Les jérémiades de Judith Butler (précédé de comment je me suis cassé une côte)
Le Père Duchesne se casse une côte et réfléchit à l'humour en temps de guerre
La guerre. Je vais vous en parler, de la guerre, mais d’abord je dois commencer par vous raconter comment je me suis cassé une côte. J’ai écrit une infolettre la saison dernière qui portait sur la bagarre et je me suis convaincu moi-même de m’inscrire à la boxe, mais c’est à la salle d’entraînement ordinaire que ma mésaventure s’est produite.
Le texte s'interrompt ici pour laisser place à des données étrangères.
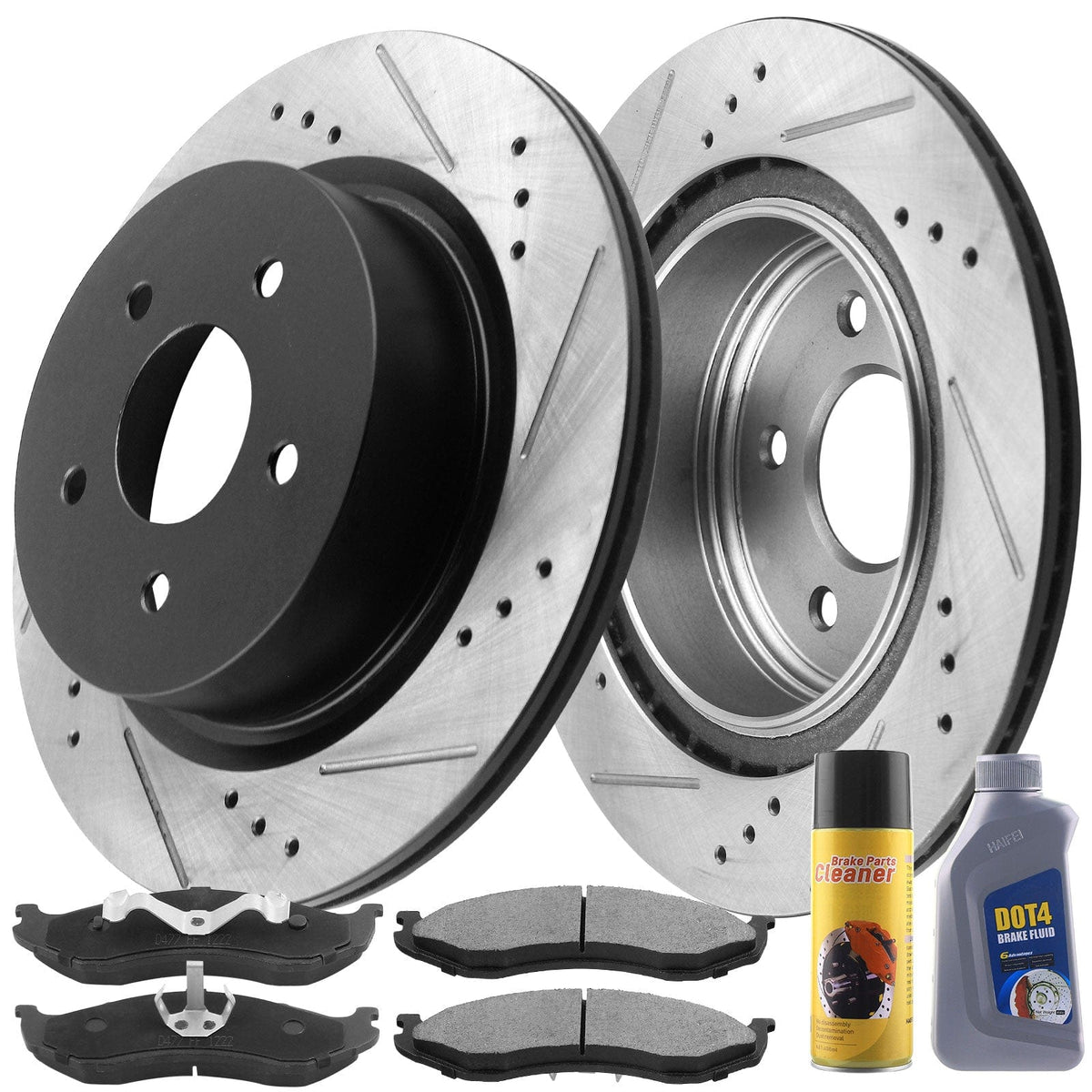 MotorbyMotor-Front Drilled & Slotted Brake Rotors w/Ceramic Brake Pads w/Cleaner & Fluid Fits for Jeep Cherokee XJ, Jeep Comanche, Jeep Wagoneer, Jeep Grand Cherokee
Comme il y a souvent trop de monde où je m’entraîne, il peut arriver d’avoir à partager des appareils. Cette fois j’étais sur le leg press quand un gros bonhomme est venu m’accoster pour me demander si on pouvait partager. J’ai dit bien sûr, et le Monsieur a pris la même charge que moi (450 livres), avant de me dire: “je monte d’une plaque de 45 livres par fois” (45 lbs c’est 20 kilos pour les peuples civilisés). Je trouvais la pente un peu abrupte, mais je me suis dit pourquoi pas. Donc j’ajoute une autre plaque de chaque côté, et je fais tant bien que mal 540 lbs.
Le Monsieur s’approche, et fait le pire demi-mouvement possible en ne pliant à peu près pas les jambes pour arriver à faire 540 lbs. Je me dis: c’est bon, il ne va pas aller plus loin, mais il ajoute une plaque. J’essaye, tant bien que mal, de faire 630 lbs, mais je suis obligé, moi aussi, de faire un semi-mouvement ridicule pour usurper ma série. Ce qui m’a le plus surpris c’est qu’ensuite, comme la rançon d’une gloire imméritée, deux garçons m’ont regardé en faisant “bravo”.
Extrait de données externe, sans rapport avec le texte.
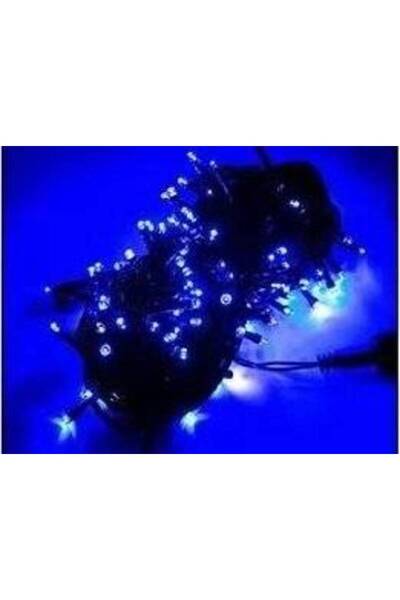 OEM LED Christmas installation with black wire, 100 LED, 10 m, blue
Le monde contemporain du fitness fonctionne un peu à la manière de la poésie moderne, où il existe un rapport d’homologie entre la forme et le fond. Ce rapport d’homologie revient à dire que la forme est le fond, et vice versa. En poésie, seul le dire compte, jamais le vouloir dire. C’est pareil pour les haltères: seul le lever dans les formes compte, jamais le “vouloir lever”. Un peu comme il est impossible de “mal s’exprimer”, parce que le message et la manière de dire sont une seule et même chose, il est pour ainsi dire impossible de “mal lever” 630 livres. En bref, soit vous les levez bien, soit vous ne les levez pas. Mon 630 livres n’était donc que du vent, ce que les influenceurs fitness appellent un “vanity lift”.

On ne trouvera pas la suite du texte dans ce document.